Although studies have investigated its incidence and influencing factors, systematic reviews of these risk factors remain limited, and the mechanisms underlying neurological complications are not yet fully understood. This study aims to systematically review and perform a meta-analysis of existing research on neurological complications in adult ECMO patients through comprehensive literature retrieval, thereby providing evidence-based references for the clinical management of neurological complications in ECMO patients.
Methods
2
Our study was developed according to the Preferred Reporting Items for Systematic Review and Meta-Analysis Protocols and registered on PROSPERO (CRD420251069285).
Literature search
2.1
Comprehensive computerized searches were conducted in both Chinese and English databases, including China National Knowledge Infrastructure (CNKI), Wanfang Data, VIP, SinoMed, PubMed, Embase, Web of Science (WOS), Cochrane Library, and Cumulative Index to Nursing and Allied Health Literature (CINAHL). A search strategy combining subject headings with free-text terms was employed. Search terms such as extracorporeal membrane oxygenation, extracorporeal life support, ECMO treatments, ECMO, brain injuries, intracranial hemorrhage, ischemic stroke, seizures, hypoxic–ischemic brain injury, brain death, cerebral infarction, cerebral edema, risk factors, protective factors, influencing factor*, related factor, correlation, affecting factor*, relevant factor*, relative factor*, correlative factor*, and associated factor*. The search strategy (using PubMed as an example) is shown in Figure 1. Additionally, a manual review of references was conducted to supplement relevant literature. The search was limited to studies published up to April 2025.

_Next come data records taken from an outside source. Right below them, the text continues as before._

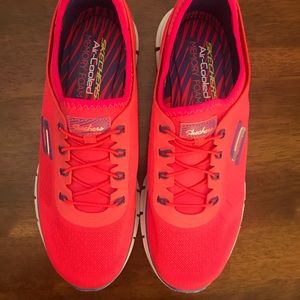 Skechers Memory Foam sneaker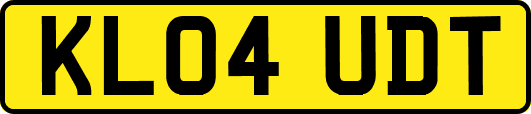 KL04UDT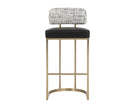 Sunpan Larissa Barstool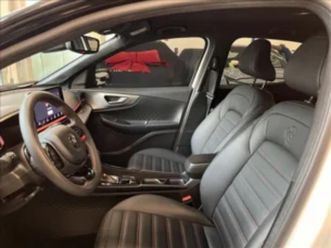 pulse 1.3 turbo 270 abarth automático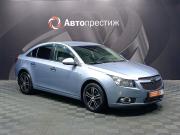 Chevrolet Cruze I Оренбург  - изображение 19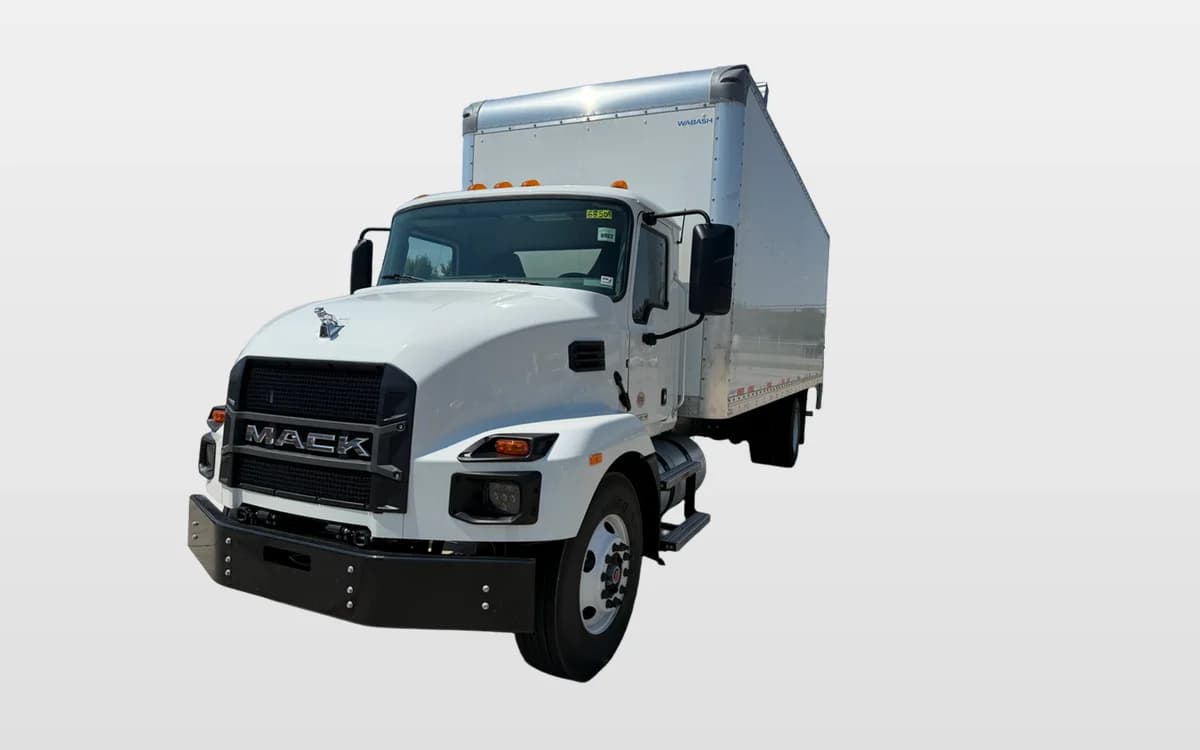 2026 Mack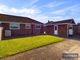 Thumbnail Semi-detached bungalow for sale in Chevin Drive, Filey, North Yorkshire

Search strategy (e.g., PubMed).
Several studies originated from the Extracorporeal Life Support Organization (ELSO) registry and had overlapping enrollment periods. To avoid including duplicate patient cohorts, we compared study periods across all ELSO-derived publications and included only the study with the longest enrollment window, excluding the remaining smaller/overlapping studies.
Inclusion criteria and exclusion criteria
2.2
Inclusion criteria
2.2.1
(1) Participants: Patients receiving extracorporeal membrane oxygenation (ECMO), aged > = 18 years; (2) Study Design: Case–control studies, cohort studies, or cross-sectional studies; (3) Outcome: Neurological complications newly developed during ECMO support or after weaning from ECMO. Neurological complications, objectively diagnosed as acute brain injury, intracranial hemorrhage, ischemic stroke, seizures, hypoxic–ischemic brain injury, brain death, cerebral infarction, or cerebral edema; (4) Published studies examining risk factors or predictive factors for neurological injury in adult ECMO patients; (5) Must provide multivariate analysis results including odds ratios (OR) with 95% confidence intervals (CI), or data convertible to OR, 95% CI, and standard error.
Exclusion criteria
2.2.2
(1) Non-Chinese or non-English publications; (2) Unavailable or incomplete data; (3) Duplicate publications; (4) Gray literature (conference abstracts, posters, theses/dissertations, preprints, registry data, and non-peer-reviewed reports), case reports, expert consensus, or research with incomplete data; (5) Animal experiments or animal models;(6) Neurological complications or symptoms diagnosed before ECMO initiation.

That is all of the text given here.